By MARY ANASTASIA O'GRADY, WSJ
Ignoring those who have suffered for their faith may win some favor for the Church, but it risks alienating the island's faithful.
With only a week to go until Pope Benedict XVI is scheduled to make the second papal visit to Cuba in 14 years, joyful anticipation ought to be buoying the island's Christians. But for those brave soldiers of Christ who have stood up against political repression, the prevailing mood is deep frustration.
For 53 years, Cuba's totalitarian regime has made life hell for the population. But Castro also has spared no expense in running a clever international propaganda campaign. Regime survival has depended on East German-style repression covered over by a smiley face for international consumption. It has worked, and Cuban human-rights defenders have suffered their indignities with little moral support from the outside world.

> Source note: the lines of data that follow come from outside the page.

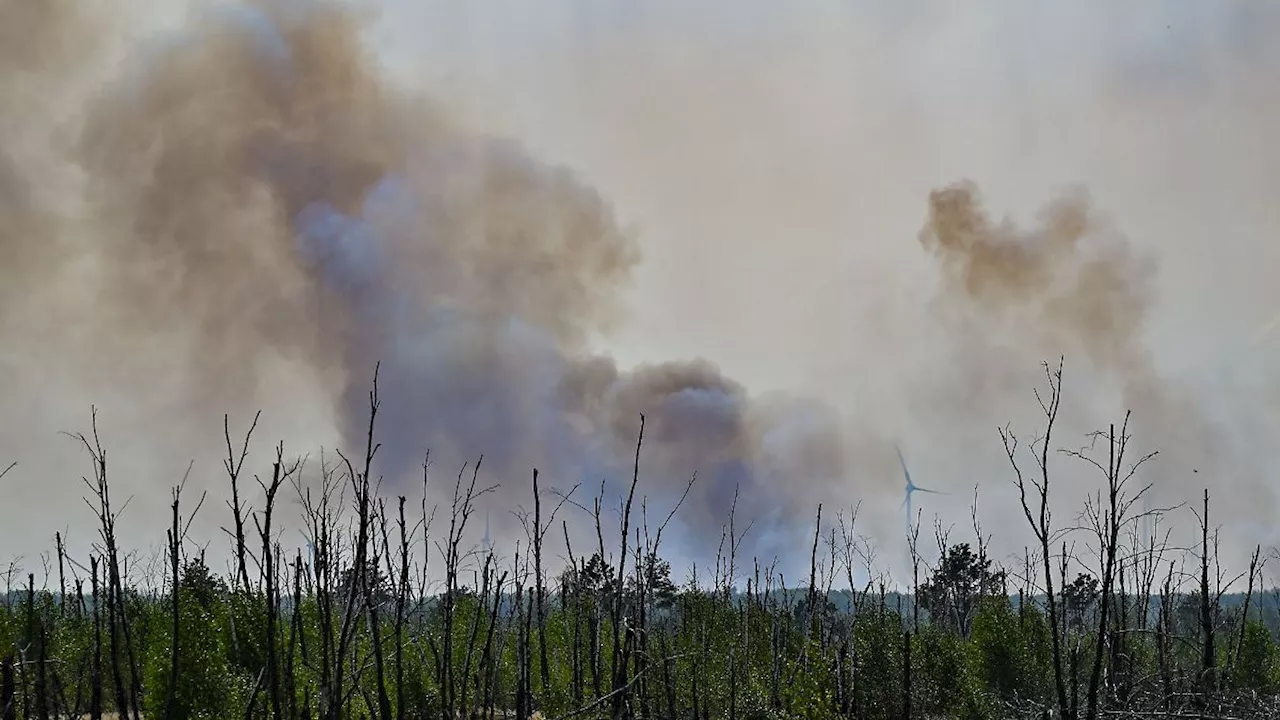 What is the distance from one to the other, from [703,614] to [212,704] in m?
19.5

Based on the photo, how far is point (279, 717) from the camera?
894cm

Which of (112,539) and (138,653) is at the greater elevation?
(112,539)

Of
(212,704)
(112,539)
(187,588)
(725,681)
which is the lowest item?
(725,681)

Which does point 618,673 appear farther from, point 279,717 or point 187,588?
A: point 187,588

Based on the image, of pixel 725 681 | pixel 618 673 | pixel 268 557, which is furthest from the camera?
pixel 725 681

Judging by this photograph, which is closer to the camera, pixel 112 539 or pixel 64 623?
pixel 112 539

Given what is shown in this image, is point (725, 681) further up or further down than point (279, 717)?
further down

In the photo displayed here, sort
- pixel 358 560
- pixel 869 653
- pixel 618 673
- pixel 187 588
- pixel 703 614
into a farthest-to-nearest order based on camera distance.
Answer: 1. pixel 703 614
2. pixel 869 653
3. pixel 187 588
4. pixel 618 673
5. pixel 358 560

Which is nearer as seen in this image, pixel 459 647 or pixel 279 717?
pixel 279 717

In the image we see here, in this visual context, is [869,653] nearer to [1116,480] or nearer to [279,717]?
[1116,480]

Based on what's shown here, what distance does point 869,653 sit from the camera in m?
27.7

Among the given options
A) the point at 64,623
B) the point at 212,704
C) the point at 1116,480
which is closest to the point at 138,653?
the point at 64,623

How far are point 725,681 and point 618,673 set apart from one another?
16.0 metres

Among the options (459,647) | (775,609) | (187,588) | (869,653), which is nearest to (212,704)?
(187,588) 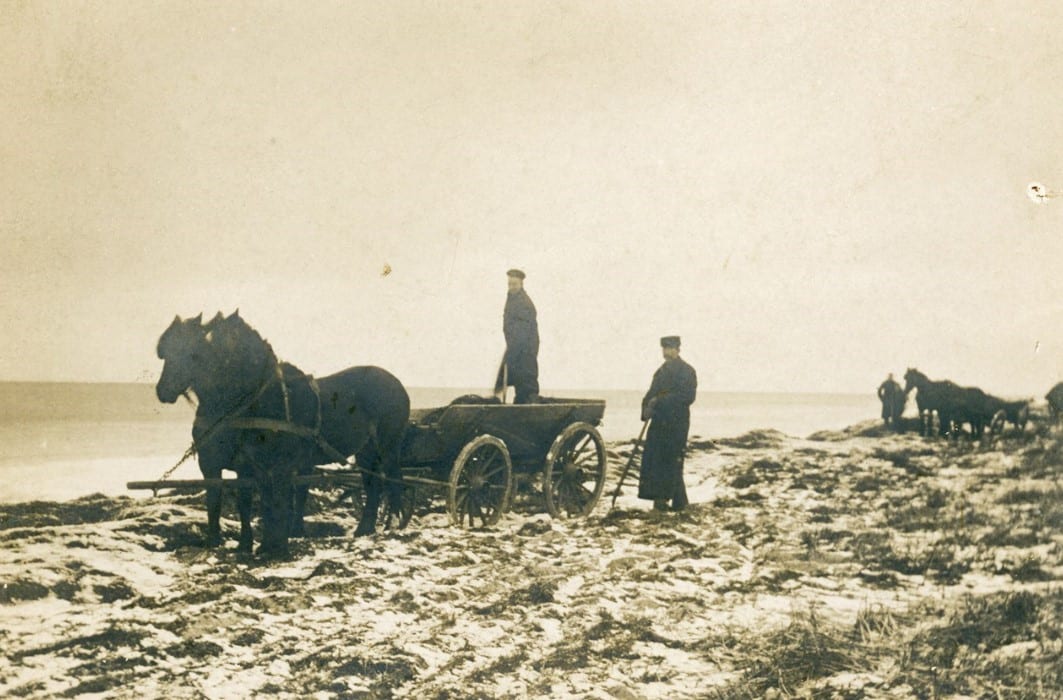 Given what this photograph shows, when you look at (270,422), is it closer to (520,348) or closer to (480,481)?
(480,481)

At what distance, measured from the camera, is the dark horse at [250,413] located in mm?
4824

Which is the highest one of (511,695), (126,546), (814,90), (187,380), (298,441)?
Answer: (814,90)

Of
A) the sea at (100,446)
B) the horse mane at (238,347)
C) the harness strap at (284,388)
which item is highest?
the horse mane at (238,347)

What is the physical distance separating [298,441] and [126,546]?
1.26 meters

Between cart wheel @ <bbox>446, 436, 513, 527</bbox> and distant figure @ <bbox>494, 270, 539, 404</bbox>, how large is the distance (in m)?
0.80

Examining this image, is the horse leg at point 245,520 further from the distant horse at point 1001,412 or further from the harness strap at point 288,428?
the distant horse at point 1001,412

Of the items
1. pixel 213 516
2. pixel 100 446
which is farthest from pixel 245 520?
pixel 100 446

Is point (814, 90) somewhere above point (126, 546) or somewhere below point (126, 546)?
above

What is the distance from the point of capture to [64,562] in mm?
4293

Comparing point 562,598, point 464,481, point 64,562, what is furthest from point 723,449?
point 64,562

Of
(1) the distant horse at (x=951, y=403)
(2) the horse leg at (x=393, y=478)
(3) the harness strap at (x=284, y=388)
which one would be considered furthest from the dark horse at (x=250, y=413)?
(1) the distant horse at (x=951, y=403)

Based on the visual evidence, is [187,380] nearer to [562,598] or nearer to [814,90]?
[562,598]

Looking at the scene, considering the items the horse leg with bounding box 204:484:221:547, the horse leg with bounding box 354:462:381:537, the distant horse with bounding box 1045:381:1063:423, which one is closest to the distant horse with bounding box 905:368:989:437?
the distant horse with bounding box 1045:381:1063:423

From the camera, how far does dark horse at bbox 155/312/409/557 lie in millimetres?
4824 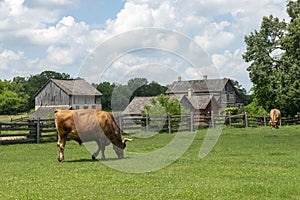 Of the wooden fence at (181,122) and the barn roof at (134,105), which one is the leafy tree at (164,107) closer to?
the barn roof at (134,105)

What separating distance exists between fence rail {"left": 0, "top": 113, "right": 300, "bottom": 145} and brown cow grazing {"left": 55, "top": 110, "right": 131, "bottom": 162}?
8.58 meters

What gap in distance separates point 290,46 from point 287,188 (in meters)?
35.8

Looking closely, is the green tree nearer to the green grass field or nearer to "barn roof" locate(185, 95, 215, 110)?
"barn roof" locate(185, 95, 215, 110)

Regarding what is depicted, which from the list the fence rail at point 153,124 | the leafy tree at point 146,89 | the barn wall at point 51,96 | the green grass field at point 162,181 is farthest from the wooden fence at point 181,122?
the barn wall at point 51,96

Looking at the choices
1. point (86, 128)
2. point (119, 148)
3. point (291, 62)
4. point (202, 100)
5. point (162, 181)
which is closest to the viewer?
point (162, 181)

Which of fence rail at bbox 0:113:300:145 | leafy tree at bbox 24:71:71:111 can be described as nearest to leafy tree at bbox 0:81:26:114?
leafy tree at bbox 24:71:71:111

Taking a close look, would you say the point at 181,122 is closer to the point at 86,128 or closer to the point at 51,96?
the point at 86,128

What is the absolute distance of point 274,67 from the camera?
159 ft

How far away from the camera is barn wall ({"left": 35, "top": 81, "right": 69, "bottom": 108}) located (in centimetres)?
6500

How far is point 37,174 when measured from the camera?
1048 cm

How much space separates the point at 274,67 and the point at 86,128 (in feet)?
127

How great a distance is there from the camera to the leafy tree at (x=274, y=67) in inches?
1707

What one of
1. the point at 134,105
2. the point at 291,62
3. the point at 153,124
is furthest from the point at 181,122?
the point at 291,62

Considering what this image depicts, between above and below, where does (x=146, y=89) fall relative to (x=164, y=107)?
above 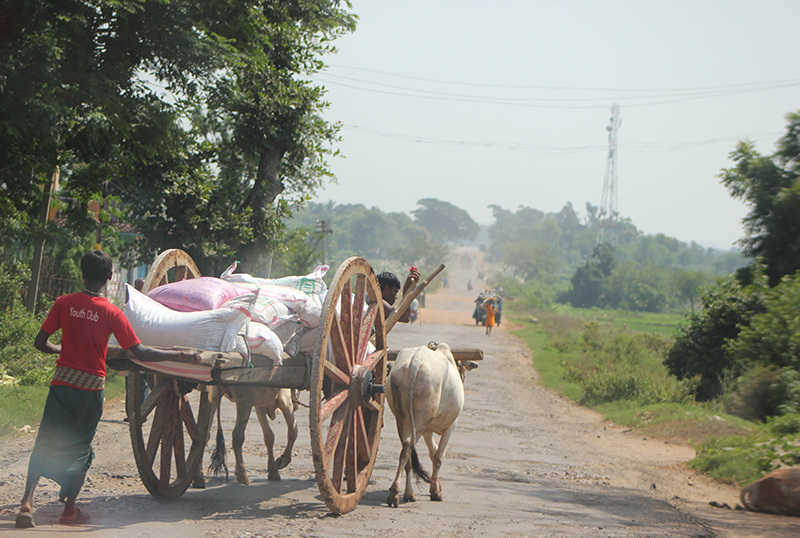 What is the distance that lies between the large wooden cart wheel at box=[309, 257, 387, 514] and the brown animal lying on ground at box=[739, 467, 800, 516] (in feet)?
13.6

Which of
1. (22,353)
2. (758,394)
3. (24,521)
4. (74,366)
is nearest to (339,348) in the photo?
(74,366)

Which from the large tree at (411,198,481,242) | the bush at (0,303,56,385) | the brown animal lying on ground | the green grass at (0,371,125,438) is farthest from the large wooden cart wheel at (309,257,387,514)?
the large tree at (411,198,481,242)

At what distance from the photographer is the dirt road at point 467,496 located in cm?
557

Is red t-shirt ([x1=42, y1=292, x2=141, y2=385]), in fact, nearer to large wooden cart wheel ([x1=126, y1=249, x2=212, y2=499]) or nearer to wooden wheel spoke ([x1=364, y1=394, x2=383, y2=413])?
large wooden cart wheel ([x1=126, y1=249, x2=212, y2=499])

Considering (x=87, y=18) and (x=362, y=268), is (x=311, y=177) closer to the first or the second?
(x=87, y=18)

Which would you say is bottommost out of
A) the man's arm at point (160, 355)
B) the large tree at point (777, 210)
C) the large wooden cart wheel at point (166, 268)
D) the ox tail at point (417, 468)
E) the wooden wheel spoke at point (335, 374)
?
the ox tail at point (417, 468)

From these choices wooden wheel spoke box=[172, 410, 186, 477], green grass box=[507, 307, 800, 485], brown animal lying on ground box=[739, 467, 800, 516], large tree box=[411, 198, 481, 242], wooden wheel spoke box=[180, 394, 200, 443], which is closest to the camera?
wooden wheel spoke box=[172, 410, 186, 477]

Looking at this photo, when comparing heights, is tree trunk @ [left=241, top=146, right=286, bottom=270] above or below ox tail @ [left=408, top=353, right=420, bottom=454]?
above

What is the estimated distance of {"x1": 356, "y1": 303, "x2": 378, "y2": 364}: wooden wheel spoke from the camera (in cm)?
642

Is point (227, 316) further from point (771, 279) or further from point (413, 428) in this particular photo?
point (771, 279)

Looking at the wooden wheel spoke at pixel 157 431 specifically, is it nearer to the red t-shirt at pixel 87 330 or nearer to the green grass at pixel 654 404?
the red t-shirt at pixel 87 330

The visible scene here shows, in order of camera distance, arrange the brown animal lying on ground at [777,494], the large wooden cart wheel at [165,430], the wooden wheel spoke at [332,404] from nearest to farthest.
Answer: the wooden wheel spoke at [332,404], the large wooden cart wheel at [165,430], the brown animal lying on ground at [777,494]

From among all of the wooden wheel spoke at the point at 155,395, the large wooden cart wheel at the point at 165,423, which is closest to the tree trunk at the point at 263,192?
the large wooden cart wheel at the point at 165,423

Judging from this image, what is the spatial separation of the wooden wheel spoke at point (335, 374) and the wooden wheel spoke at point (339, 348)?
0.08 m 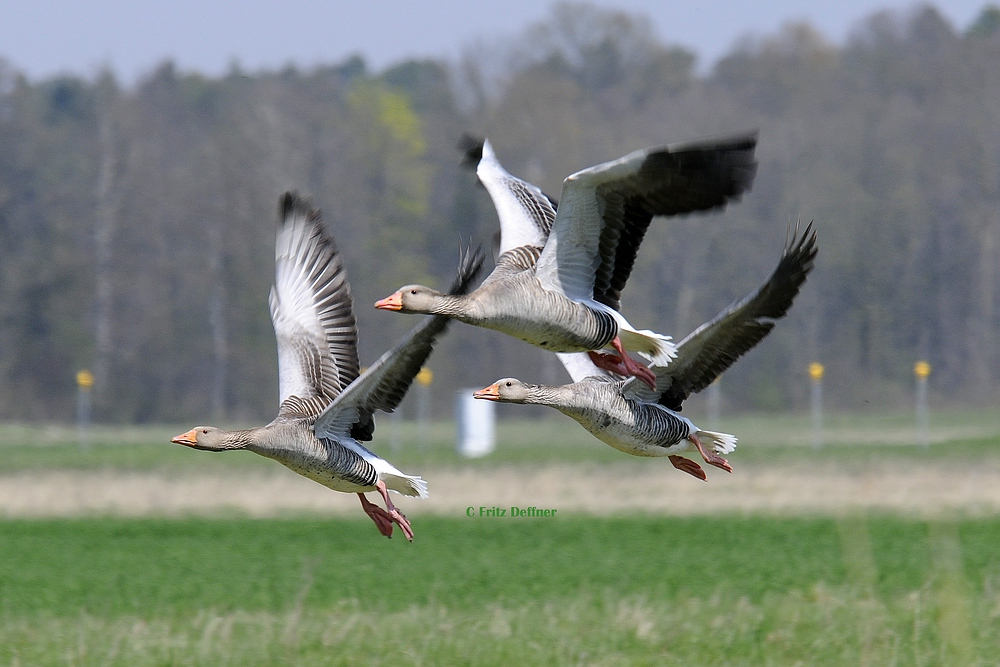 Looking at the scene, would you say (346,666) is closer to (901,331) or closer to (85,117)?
(901,331)

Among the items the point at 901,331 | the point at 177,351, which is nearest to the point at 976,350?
the point at 901,331

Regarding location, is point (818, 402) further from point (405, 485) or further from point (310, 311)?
point (405, 485)

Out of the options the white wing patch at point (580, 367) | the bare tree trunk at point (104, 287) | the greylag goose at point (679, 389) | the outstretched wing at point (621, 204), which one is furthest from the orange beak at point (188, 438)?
the bare tree trunk at point (104, 287)

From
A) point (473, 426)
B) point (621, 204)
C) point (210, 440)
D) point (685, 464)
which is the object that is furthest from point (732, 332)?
point (473, 426)

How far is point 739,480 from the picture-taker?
110ft

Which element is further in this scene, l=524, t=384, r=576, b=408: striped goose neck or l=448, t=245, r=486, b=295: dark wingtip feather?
l=448, t=245, r=486, b=295: dark wingtip feather

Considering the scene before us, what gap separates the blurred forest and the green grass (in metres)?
3.66

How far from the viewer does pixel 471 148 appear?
8.32 meters

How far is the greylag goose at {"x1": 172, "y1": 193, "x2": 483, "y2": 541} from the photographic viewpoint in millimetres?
5582

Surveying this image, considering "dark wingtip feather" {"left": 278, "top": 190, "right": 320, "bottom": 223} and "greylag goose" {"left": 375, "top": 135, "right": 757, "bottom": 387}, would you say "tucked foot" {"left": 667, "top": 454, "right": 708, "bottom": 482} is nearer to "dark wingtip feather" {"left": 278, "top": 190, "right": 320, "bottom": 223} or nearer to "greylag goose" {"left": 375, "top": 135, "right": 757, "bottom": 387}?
"greylag goose" {"left": 375, "top": 135, "right": 757, "bottom": 387}

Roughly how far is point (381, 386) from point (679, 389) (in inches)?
61.1

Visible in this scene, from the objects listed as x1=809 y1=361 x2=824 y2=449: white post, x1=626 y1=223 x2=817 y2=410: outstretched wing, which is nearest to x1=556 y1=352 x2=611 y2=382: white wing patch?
x1=626 y1=223 x2=817 y2=410: outstretched wing

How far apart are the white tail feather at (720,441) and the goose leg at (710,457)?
228 mm

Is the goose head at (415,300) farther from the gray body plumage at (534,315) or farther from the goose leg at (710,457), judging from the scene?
the goose leg at (710,457) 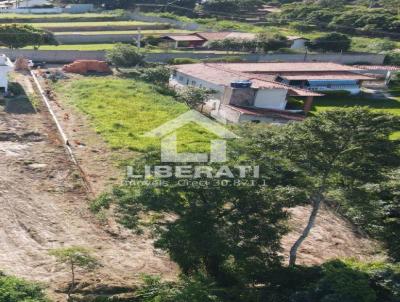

Cuban dissidents had hoped the pope's visit would help them expose the twisted jailors who run the island prison. So what are we to make of the fact that the pontiff will not be meeting with any of the island's Christian human-rights advocates? These communicants have endured unspeakable acts of state terror to be witnesses to the faith. They have earned papal recognition. Disappointment doesn't begin to describe their dashed hopes.
It's not that they haven't asked. They've begged. From Havana, former Cuban political prisoner Angel Moya put the dissident concerns this way: "The Cuban regime will try to manipulate the pontiff's presence in Cuba," he told the website "Pieces of the Island." "We are calling on the support of the international community and of our exiled brothers, so we, the outcast, the persecuted, are able to meet with Pope Benedict XVI and tell him what is really happening here on the island . . ."
Berta Soler — Mr. Moya's wife and the spokeswoman for the Ladies in White, who since 2003 have withstood beatings, arrests and harassment by the regime to attend Mass as a group and protest political imprisonments—has gone even further. She delivered, through the papal nuncio in Havana, a formal request from the Ladies to see the pope, "even for one minute."
Numerous other Christians on the island have made similar requests. From the U.S., Yale Prof. Carlos Eire wrote a powerful plea on behalf of the Ladies for National Review Online on March 5: "Like the Canaanite woman who cried out to Jesus, 'Lord, help me!' or the woman who touched the hem of Jesus's robe in hope of a cure, they are reaching out, full of faith, begging against all odds. In an island where everyone has been turned into a beggar, they beg for the rarest and most precious gift of all: your presence." Cuban Cardinal Jaime Ortega's office told the Ladies in White that the pope's schedule is too tight.
Some dissidents wonder whose side the cardinal is on. In recent years he was instrumental in helping the regime deport scores of political prisoners who had become a liability for the regime's image. Though he recently offered a Mass for ailing Venezuelan dictator Hugo Chávez, Ms. Soler's request for a Mass for deceased dissidents has gone unanswered.
The cardinal has said that the purpose of the trip is "a new evangelization" and of course spreading the gospel is the Lord's work. But it is hard to see how converts will be won if the pope snubs the marginalized and schmoozes with the powerful.
On Thursday, 13 Christians holed up inside Our Lady of Charity of Cobre church in Havana to demand that the pope hear their grievances against the regime were forcibly removed by police, reportedly at the request of Cardinal Ortega. Then on Friday the Vatican announced that if Fidel Castro wants to meet, "the pope will be available."
In case all this is not enough to destroy Cuban confidence in the pope as an ally, the government newspaper Granma said this in an editorial last week: "We are sure that His Holiness will affectionately treasure the memory of this Caribbean Island, which values his visit as a manifestation of trust and a renewed expression of the excellent and uninterrupted relations between the Holy See and Cuba."
All Cubans know that the "revolution" persecuted the faithful. They were sent before firing squads or to the dungeons, Catholic schools and churches were shuttered, and the island was declared an atheist paradise.
But now Fidel is reminding Cubans that relations were never broken with Rome and he is claiming that all the while he has gotten on fabulously with the pope. Will Pope Benedict, who is by no means a Castro sympathizer, allow the regime to get away with this?
Unless he has something up his sleeve, the visit may turn out to be a gross miscalculation. Cubans know that they are hostages in their own country. If the pope is perceived as going along with this big lie, it will only heighten the sense of betrayal toward Cardinal Ortega and it will do nothing to strengthen the Church in Cuba.